Steve Roach's Rest of Life Echoes March CD of the Month
by John Diliberto 02/27/2023
It takes a certain sensibility to create and perform music that moves at a pace that makes glaciers seem like rockets. Patience and a meticulous eye for deeply embedded detail are what’s required, rather than technique and flashy changes. Steve Roach has had that all along and you hear it in music like The Magnificent Void, Stillpoint and Quiet Music. And of course, you hear it in Structures from Silence. You won’t be wrong hearing echoes of that 1984 classic in Roach’s latest album, Rest of Life. Long synth pad chords arc slowly in a grand spectral dance of balletic giants. But right from the start there’s another element, perhaps a bit unsettling. Space echoes murmur at the edges, descending and rising like alien creatures casting luminescent patterns on the opening track, “Sit with Me.” At 7:50, it’s the shortest track and a gateway into the expanse of Rest of Life.
You won’t find any of the analog modular synthesizer wizardry that Roach has been exploring for the last decade. Instead, he returns to his ’80s arsenal including the Oberheim Xpander, Oberheim Ob-X8 and Solina String Synth. This was the sound of Structures. Layered and looping, chords waft through each other, transforming in languid pirouettes. On the title piece, the first long-form track, you feel like you’re gently moving through rooms that are translucent and interlocked, curved catacombs of mysterious hallucinations. This is the music of a dream state or deep psychedelic contemplation. This music exists not on a dance floor scale but on a cosmic swirling-in-slow-motion scale.
Floating through the slow, breath-like gasps of “Softly Spoken, Deeply Heard,” I imagined this is what the universe sounds and feels like to the Space Guild Navigators of Dune, threading their way through folded space, connecting galaxies.
“Stream of Forever” is the most active piece on the album, which isn’t saying much in terms of activity. It has the faintest of pulses and a return of that descending-ascending gurgle in track one.
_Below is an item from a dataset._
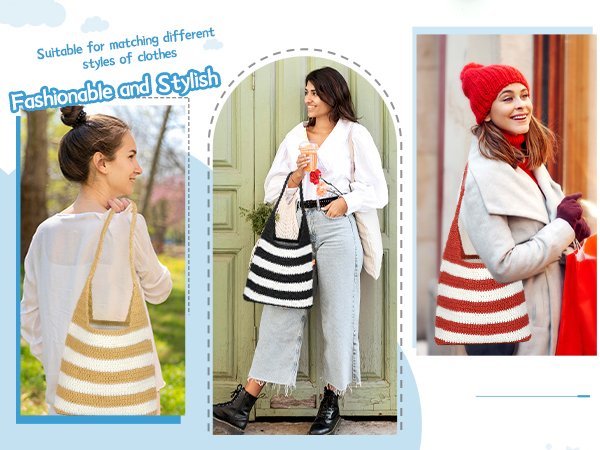 Three women modeling striped crochet tote bags in different settings and outfits.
Stealthily, a gentle, ping-ponging melody emerges, carrying you through its 16-minute duration.
The second disc of the album is taken up by “The Knowing Place.” It’s a single, hour-long track, which is why it has its own disc. While much of the first disc uses a similar timbral palette on every song, “The Knowing Place” goes into a deeper, darker sound, moving in deep bass and string tones. Bathed in reverb and processing, you might think the strings are electronic, but , it’s actually Roach’s wife, Linda Kohanov. She’s been taking some time out of the saddle of her horses and been sitting down with her electric-viola. Using a Boomerang looper, she layers sensuous lines into repeating cycle, often transposing down into the cello range, giving “The Knowing Place” a shrouded undertow.
This is a darker, more melancholy track than the other disc. About 36-minutes in, it morphs into a swirling pool of glissando sounds cascading down from liquid dark skies. No sooner are you awash in it all, that a long, deep synth chord wipes it away almost to silence. But now there are still 21-minutes to go, as the track slowly dissipates with stretched chord sequences, again, echoing Structures from Silence.
You don’t listen to a Steve Roach album like this as much as immerse yourself in its undulating, organic manipulations. You could take Rest of Life as a drifty ambient soundscape or you could dig deeper into it’s layers and slow evolution while also casting your eyes out further into its epic expanse.